-- Data to examine follows --

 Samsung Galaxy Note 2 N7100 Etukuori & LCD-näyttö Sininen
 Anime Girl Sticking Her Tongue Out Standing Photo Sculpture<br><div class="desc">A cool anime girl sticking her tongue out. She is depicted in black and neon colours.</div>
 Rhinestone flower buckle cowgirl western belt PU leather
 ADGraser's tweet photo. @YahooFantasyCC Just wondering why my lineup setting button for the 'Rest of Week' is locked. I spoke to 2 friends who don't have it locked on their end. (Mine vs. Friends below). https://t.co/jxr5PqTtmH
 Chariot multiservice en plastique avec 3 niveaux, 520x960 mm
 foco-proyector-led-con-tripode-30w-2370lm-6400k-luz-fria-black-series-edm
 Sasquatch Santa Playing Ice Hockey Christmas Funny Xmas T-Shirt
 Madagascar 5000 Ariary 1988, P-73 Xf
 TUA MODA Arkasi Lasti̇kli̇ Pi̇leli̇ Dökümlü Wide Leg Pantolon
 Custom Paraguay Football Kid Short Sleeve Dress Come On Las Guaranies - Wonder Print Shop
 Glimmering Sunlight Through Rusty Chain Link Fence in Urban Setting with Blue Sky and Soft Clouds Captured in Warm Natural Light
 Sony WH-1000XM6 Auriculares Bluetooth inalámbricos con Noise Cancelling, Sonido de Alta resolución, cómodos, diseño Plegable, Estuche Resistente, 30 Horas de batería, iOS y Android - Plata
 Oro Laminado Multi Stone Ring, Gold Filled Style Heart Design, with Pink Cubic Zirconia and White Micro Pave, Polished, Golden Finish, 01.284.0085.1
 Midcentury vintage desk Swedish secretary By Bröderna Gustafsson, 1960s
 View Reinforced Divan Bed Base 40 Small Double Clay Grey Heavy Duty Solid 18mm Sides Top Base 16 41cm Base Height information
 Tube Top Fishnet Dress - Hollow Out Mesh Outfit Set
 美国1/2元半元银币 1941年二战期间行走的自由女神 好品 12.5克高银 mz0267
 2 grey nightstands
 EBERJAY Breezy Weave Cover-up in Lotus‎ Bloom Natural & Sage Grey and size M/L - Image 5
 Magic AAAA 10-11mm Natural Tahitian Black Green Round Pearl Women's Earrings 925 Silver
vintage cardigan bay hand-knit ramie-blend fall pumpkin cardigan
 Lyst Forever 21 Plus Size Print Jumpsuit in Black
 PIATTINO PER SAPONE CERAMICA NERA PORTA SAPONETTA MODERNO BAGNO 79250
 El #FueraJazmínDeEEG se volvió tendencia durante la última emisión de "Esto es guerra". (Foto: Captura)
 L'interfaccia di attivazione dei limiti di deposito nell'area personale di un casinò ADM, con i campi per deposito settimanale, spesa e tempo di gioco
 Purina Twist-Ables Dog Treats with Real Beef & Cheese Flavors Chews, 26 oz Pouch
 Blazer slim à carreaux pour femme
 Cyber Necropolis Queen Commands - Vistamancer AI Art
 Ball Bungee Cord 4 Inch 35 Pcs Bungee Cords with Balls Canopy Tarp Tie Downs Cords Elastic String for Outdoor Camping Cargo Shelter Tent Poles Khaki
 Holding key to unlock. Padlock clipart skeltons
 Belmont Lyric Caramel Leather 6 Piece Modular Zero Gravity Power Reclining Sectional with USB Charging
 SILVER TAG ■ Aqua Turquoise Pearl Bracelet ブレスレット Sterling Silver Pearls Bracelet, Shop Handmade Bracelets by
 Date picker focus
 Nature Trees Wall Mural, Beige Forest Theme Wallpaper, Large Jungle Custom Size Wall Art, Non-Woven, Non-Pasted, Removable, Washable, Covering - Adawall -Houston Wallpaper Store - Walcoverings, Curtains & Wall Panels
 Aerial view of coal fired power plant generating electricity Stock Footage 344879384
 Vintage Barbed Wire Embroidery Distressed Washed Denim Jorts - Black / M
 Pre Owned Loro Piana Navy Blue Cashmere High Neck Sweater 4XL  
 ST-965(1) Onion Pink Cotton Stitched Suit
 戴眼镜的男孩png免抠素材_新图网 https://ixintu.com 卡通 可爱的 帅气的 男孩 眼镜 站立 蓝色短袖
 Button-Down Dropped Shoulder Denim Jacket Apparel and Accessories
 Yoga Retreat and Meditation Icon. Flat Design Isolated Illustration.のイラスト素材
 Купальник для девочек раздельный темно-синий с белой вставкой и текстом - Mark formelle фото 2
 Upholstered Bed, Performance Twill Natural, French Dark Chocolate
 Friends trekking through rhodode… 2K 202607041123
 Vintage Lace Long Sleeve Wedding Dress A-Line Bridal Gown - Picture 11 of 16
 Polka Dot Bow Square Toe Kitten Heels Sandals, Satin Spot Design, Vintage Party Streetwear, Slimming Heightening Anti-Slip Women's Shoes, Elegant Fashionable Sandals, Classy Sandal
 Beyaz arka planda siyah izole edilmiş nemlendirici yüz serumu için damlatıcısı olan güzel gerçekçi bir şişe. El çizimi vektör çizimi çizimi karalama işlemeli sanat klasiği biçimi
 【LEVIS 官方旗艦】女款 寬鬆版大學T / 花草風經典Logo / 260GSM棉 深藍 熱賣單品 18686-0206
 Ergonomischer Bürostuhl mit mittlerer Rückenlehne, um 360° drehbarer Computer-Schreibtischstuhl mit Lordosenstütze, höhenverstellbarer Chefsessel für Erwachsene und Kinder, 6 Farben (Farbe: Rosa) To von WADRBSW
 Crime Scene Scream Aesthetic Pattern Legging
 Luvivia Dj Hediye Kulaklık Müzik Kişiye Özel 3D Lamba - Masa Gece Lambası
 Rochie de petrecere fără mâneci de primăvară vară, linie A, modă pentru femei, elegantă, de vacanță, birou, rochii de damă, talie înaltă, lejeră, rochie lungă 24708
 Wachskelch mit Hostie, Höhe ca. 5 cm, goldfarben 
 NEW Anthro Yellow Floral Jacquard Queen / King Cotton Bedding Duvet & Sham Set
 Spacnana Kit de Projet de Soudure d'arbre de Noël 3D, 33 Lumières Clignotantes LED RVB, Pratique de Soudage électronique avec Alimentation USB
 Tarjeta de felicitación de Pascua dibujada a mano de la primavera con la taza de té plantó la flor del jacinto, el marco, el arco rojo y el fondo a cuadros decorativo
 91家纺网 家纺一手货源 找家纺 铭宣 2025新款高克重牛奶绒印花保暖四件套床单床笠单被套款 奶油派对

-- Data to examine concluded --

__What you need to do__
The line containing "Spacnana Kit de" marks the start; retype it and each line after it through the end of the records above, exactly.

__Output of the exercise__
 Spacnana Kit de Projet de Soudure d'arbre de Noël 3D, 33 Lumières Clignotantes LED RVB, Pratique de Soudage électronique avec Alimentation USB
 Tarjeta de felicitación de Pascua dibujada a mano de la primavera con la taza de té plantó la flor del jacinto, el marco, el arco rojo y el fondo a cuadros decorativo
 91家纺网 家纺一手货源 找家纺 铭宣 2025新款高克重牛奶绒印花保暖四件套床单床笠单被套款 奶油派对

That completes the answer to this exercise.